*What is needed:* Below this line is a set of entries; quote exactly the lines from the line that contains "CGW038 038 LA, 5." to the line that contains "Active Noise Cancelling", both lines included.

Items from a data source
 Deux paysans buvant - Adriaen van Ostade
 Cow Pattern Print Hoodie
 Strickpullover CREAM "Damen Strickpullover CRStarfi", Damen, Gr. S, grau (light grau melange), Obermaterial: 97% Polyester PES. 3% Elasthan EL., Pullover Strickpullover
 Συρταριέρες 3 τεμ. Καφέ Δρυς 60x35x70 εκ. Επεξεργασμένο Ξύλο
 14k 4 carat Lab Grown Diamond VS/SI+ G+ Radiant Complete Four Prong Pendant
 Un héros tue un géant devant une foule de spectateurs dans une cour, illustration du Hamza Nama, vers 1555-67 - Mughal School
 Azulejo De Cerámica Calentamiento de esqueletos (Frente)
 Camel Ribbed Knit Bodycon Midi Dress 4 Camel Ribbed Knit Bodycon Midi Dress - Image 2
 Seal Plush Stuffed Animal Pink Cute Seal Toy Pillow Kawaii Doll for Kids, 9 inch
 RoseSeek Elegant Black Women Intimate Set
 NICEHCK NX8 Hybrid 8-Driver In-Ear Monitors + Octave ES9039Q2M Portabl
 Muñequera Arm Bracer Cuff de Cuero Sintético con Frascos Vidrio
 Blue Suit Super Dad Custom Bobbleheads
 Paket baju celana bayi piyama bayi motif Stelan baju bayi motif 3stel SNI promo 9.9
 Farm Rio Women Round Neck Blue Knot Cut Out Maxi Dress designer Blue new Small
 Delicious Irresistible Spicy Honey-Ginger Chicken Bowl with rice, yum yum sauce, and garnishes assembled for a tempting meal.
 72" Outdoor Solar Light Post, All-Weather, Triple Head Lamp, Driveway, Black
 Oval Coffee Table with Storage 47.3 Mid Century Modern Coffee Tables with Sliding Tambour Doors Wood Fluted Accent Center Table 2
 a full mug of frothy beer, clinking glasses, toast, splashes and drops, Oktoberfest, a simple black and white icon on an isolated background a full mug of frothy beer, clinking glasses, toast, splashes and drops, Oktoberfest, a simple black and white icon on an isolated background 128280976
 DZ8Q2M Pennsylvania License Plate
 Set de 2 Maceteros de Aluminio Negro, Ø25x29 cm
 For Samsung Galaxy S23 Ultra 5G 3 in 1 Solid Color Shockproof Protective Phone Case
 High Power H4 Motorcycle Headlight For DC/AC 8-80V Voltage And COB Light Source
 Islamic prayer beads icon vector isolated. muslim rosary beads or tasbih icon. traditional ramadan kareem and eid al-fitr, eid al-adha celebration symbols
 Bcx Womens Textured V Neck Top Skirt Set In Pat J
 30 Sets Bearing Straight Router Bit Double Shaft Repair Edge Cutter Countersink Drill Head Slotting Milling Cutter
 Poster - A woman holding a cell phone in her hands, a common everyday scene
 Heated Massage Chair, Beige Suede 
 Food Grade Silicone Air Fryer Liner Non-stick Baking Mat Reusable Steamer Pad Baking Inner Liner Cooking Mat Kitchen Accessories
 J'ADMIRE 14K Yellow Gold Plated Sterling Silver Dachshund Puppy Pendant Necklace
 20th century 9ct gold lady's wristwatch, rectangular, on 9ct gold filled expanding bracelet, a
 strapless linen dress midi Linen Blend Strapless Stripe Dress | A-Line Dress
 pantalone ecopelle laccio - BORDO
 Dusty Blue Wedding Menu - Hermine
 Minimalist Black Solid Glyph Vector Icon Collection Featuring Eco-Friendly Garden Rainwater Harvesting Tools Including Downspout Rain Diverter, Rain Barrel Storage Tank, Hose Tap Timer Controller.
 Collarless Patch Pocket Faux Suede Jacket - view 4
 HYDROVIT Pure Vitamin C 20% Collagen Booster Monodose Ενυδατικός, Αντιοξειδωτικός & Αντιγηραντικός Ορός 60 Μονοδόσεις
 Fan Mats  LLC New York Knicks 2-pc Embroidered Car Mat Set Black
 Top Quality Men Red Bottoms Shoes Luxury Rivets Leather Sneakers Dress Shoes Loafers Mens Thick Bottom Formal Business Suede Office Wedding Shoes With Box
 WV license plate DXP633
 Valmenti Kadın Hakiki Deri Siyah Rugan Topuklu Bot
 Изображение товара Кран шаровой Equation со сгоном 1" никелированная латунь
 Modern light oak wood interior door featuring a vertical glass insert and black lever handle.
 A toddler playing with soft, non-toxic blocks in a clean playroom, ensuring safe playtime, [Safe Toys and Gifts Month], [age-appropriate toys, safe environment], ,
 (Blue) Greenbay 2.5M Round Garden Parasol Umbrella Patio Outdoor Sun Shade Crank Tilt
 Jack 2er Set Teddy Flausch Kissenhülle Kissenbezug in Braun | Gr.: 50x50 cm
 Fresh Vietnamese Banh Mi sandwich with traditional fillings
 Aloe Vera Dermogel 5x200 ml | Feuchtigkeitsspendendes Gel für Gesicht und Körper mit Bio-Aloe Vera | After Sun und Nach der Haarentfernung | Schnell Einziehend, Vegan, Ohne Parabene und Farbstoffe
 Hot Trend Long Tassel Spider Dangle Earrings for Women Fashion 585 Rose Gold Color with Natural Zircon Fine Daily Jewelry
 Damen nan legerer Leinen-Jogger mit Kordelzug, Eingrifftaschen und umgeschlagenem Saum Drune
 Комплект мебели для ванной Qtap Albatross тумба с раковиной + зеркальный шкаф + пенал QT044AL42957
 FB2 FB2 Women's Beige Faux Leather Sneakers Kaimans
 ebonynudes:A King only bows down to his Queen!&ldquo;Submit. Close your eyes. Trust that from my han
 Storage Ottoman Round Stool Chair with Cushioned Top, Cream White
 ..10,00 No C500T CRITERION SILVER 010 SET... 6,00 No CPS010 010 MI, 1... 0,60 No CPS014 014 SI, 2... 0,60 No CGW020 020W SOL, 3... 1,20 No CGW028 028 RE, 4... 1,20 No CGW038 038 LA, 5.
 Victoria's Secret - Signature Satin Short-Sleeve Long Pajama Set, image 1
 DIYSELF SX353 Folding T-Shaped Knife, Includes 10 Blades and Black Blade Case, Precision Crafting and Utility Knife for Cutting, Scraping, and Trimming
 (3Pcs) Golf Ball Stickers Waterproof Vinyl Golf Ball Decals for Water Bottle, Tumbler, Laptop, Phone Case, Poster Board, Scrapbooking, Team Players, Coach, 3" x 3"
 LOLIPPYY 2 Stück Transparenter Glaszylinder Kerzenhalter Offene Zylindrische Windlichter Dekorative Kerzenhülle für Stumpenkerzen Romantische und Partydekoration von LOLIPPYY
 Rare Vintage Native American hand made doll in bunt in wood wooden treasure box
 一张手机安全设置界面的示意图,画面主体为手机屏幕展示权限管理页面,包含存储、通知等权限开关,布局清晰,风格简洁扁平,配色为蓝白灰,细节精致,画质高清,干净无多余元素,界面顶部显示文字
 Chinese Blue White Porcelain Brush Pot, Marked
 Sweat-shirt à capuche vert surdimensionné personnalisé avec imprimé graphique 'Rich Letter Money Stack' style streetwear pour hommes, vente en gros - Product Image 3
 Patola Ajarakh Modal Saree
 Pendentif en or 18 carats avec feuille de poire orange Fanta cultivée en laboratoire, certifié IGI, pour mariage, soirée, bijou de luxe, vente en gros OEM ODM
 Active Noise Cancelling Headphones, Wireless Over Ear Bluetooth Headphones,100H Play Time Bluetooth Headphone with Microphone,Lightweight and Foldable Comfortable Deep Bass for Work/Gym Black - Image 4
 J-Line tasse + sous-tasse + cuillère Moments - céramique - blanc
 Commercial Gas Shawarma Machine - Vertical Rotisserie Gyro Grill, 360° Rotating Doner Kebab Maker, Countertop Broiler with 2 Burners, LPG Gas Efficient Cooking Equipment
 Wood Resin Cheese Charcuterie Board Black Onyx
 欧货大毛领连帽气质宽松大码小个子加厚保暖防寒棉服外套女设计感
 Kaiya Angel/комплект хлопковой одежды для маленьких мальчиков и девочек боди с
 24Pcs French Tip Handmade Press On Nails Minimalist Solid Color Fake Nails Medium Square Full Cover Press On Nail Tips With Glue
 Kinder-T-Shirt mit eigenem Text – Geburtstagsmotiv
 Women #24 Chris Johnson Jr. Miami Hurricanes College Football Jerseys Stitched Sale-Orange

*Result for this exercise:*
 ..10,00 No C500T CRITERION SILVER 010 SET... 6,00 No CPS010 010 MI, 1... 0,60 No CPS014 014 SI, 2... 0,60 No CGW020 020W SOL, 3... 1,20 No CGW028 028 RE, 4... 1,20 No CGW038 038 LA, 5.
 Victoria's Secret - Signature Satin Short-Sleeve Long Pajama Set, image 1
 DIYSELF SX353 Folding T-Shaped Knife, Includes 10 Blades and Black Blade Case, Precision Crafting and Utility Knife for Cutting, Scraping, and Trimming
 (3Pcs) Golf Ball Stickers Waterproof Vinyl Golf Ball Decals for Water Bottle, Tumbler, Laptop, Phone Case, Poster Board, Scrapbooking, Team Players, Coach, 3" x 3"
 LOLIPPYY 2 Stück Transparenter Glaszylinder Kerzenhalter Offene Zylindrische Windlichter Dekorative Kerzenhülle für Stumpenkerzen Romantische und Partydekoration von LOLIPPYY
 Rare Vintage Native American hand made doll in bunt in wood wooden treasure box
 一张手机安全设置界面的示意图,画面主体为手机屏幕展示权限管理页面,包含存储、通知等权限开关,布局清晰,风格简洁扁平,配色为蓝白灰,细节精致,画质高清,干净无多余元素,界面顶部显示文字
 Chinese Blue White Porcelain Brush Pot, Marked
 Sweat-shirt à capuche vert surdimensionné personnalisé avec imprimé graphique 'Rich Letter Money Stack' style streetwear pour hommes, vente en gros - Product Image 3
 Patola Ajarakh Modal Saree
 Pendentif en or 18 carats avec feuille de poire orange Fanta cultivée en laboratoire, certifié IGI, pour mariage, soirée, bijou de luxe, vente en gros OEM ODM
 Active Noise Cancelling Headphones, Wireless Over Ear Bluetooth Headphones,100H Play Time Bluetooth Headphone with Microphone,Lightweight and Foldable Comfortable Deep Bass for Work/Gym Black - Image 4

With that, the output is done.